_Your assignment_
The expected output is every line of the data exactly as shown, minus the images.

_Dataset extract_
'''

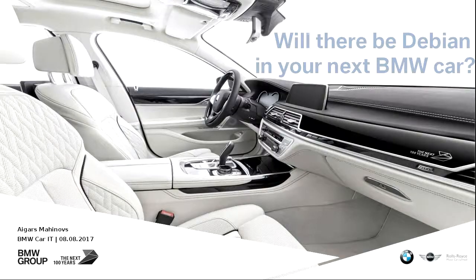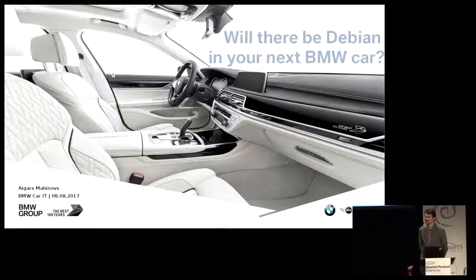Hi, my name is Eigars, and I'll be trying to answer a very important question for us today: will there be a Debian in your next BMW car? But I will try to tell you what will be there, and why, and how that whole thing comes together from the perspective of a person.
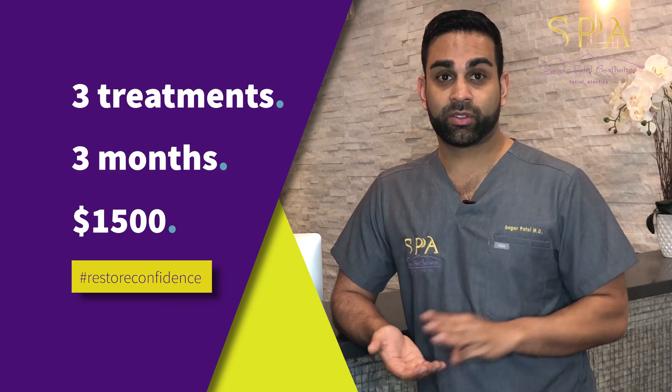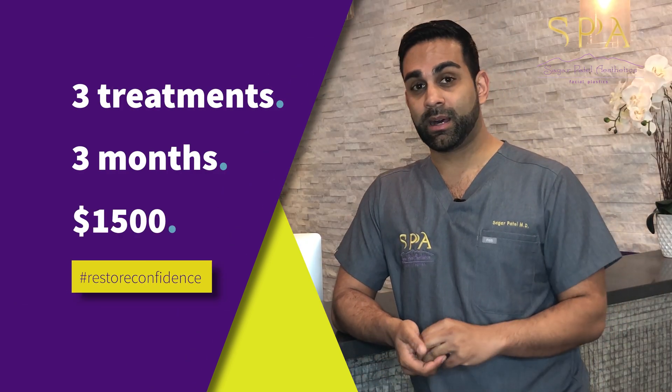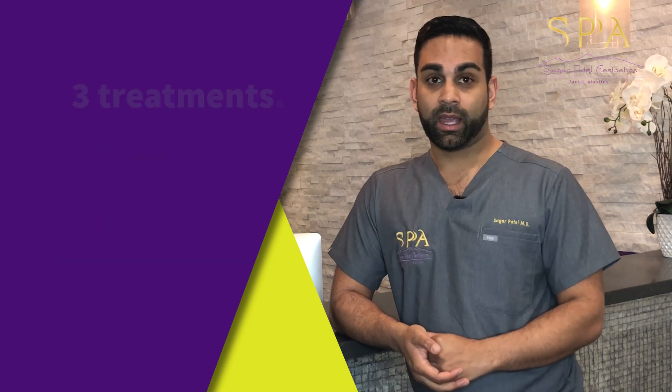The course I recommend is three treatments separated by at least a month, followed by yearly maintenance treatments. This can get you some fantastic results that you can see in our before and afters. We'll continue on and talk about the last levels of non-surgical treatments in the following video.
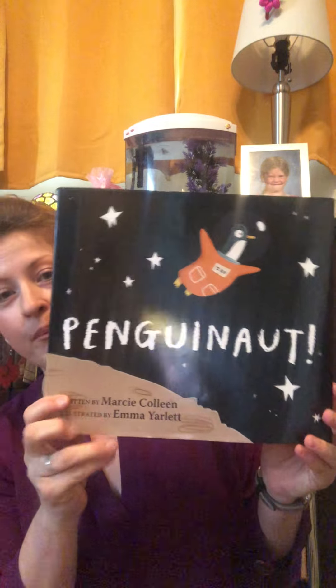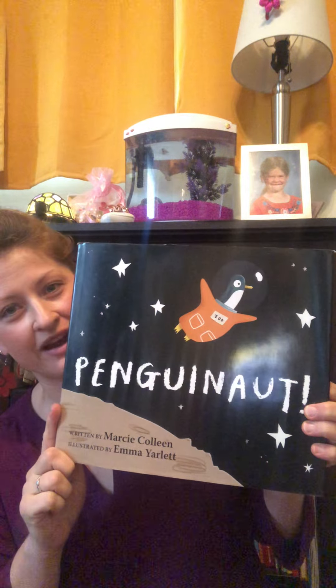Today an example of what that could be is taken from the book Penguinaut by Marci Colleen — an awesome story based on the author's visit to the San Diego Zoo that follows Orville, a penguin who builds a rocket and goes to the moon. Definitely check it out.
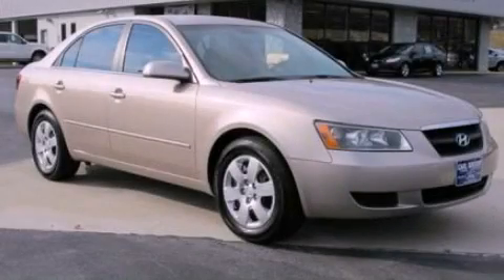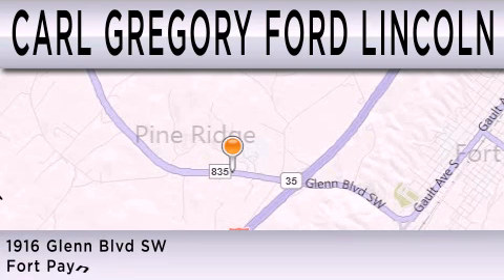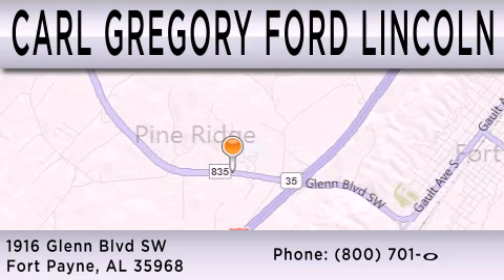We invite you to contact us today to learn more about this vehicle. Carl Gregory Ford Lincoln is dedicated to doing everything possible to ensure that the experience you have selecting your next vehicle is as pleasant as possible. We are located at 1916 Glen Boulevard Southwest in Fort Payne.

'''

_Output_
Hi, my name is Eigars, and I'll be trying to answer a very important question for us today: will there be a Debian in your next BMW car? But I will try to tell you what will be there, and why, and how that whole thing comes together from the perspective of a person.
The course I recommend is three treatments separated by at least a month, followed by yearly maintenance treatments. This can get you some fantastic results that you can see in our before and afters. We'll continue on and talk about the last levels of non-surgical treatments in the following video.
Today an example of what that could be is taken from the book Penguinaut by Marci Colleen — an awesome story based on the author's visit to the San Diego Zoo that follows Orville, a penguin who builds a rocket and goes to the moon. Definitely check it out.
We invite you to contact us today to learn more about this vehicle. Carl Gregory Ford Lincoln is dedicated to doing everything possible to ensure that the experience you have selecting your next vehicle is as pleasant as possible. We are located at 1916 Glen Boulevard Southwest in Fort Payne.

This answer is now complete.